Categories: Letters 2025

January 25, 2025

Dear Saints in Santa Fe, and other far-off places:

Greetings in the name and spirit of Jesus Christ!

The Hidden Gospel.

This is the title of a book by Neil Douglas-Klotz which looks at the familiar words of Jesus, not in English or Greek but in Aramaic, the language Jesus spoke. Words and themes jump out at the reader which they might otherwise remain hidden in our familiar translations, words like unity, breath, holiness, light, wisdom, diversity, soul, completeness, and love. This was Jesus’ vocabulary.

We know it as the Gospel and it showed up this week. Surprisingly. It does not often make the front page, appear on the news or the internet, or seen on late night television.

It showed up as mercy on the national stage, in the national cathedral, at a not-particularly crowded National Prayer service, accompanied by an Episcopal bishop, and uttered in front of power.

It showed up and caused quite a stir, and it stirred up quite the backlash. As if the gospel had never been heard before. As if mercy was somehow offensive or demeaning. Was it because the bishop was a woman? Was it because it was spoken to the new president who is not accustomed to such words being spoken to him? Was it because it was done in the context of prayer and worship? Was it because it stood out from other words flying around, like deportation, abolish, release, vengeance, dismantle, fear, shock, and awe?

As a result of unashamedly using gospel language and having the nerve to say mercy, the bishop has been subjected to verbal attacks and death threats. Evidently, the whole idea of mercy, this noble word once lifted up by society, is somehow antithetical to who we are now as Americans. GOP congressman Mike Collins even suggested that the bishop (mercy too?) “Be added to the deportation list.”

Within hours mercy and the bishop went viral. When was the last time anything coming from the progressive, mainstream side of Christianity was heard, let alone go viral? When was the last time Jesus’ teachings went viral and even caused people discomfort, something the gospel has been doing through the centuries?

I read this in The Nation: “This is my Christianity,” declared journalist Charlotte Clymer who writes on religious issues. Joy Behar of The View said the bishop displayed “more fearlessness than anyone in Congress right now.”

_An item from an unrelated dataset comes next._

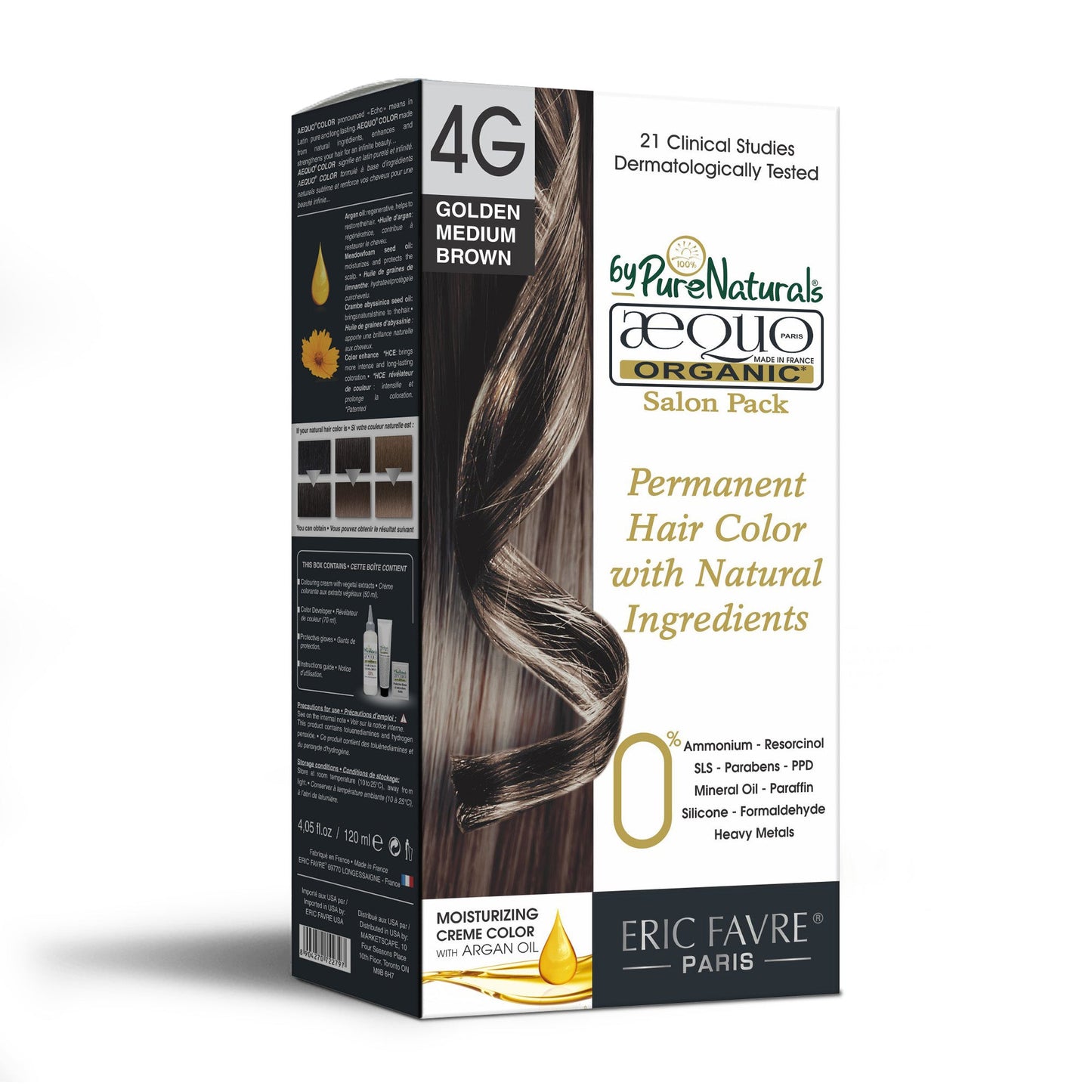 Aequo Organic Salon Pack 4G Golden Brown Free Permanent Organic Hair Color 120ml Unisex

I read this in Luke 5:1-11, our story for Sunday, where Jesus got into a fishing boat and taught the crowds a little way from shore, and said, “put out into the deep water and let down your nets for a catch.”  Herod and Empire had depleted the fish for their own purposes and there were no fish left for the people. They were caught in the net of the system and had no way to break free. “Go deep,” Jesus says. Go deep into the gospel. They did and they caught so many fish that their nets were beginning to break. The nets of the system could no longer contain them. They were free.

Amazing what happens when we unhide the gospel and proclaim its mercy and message.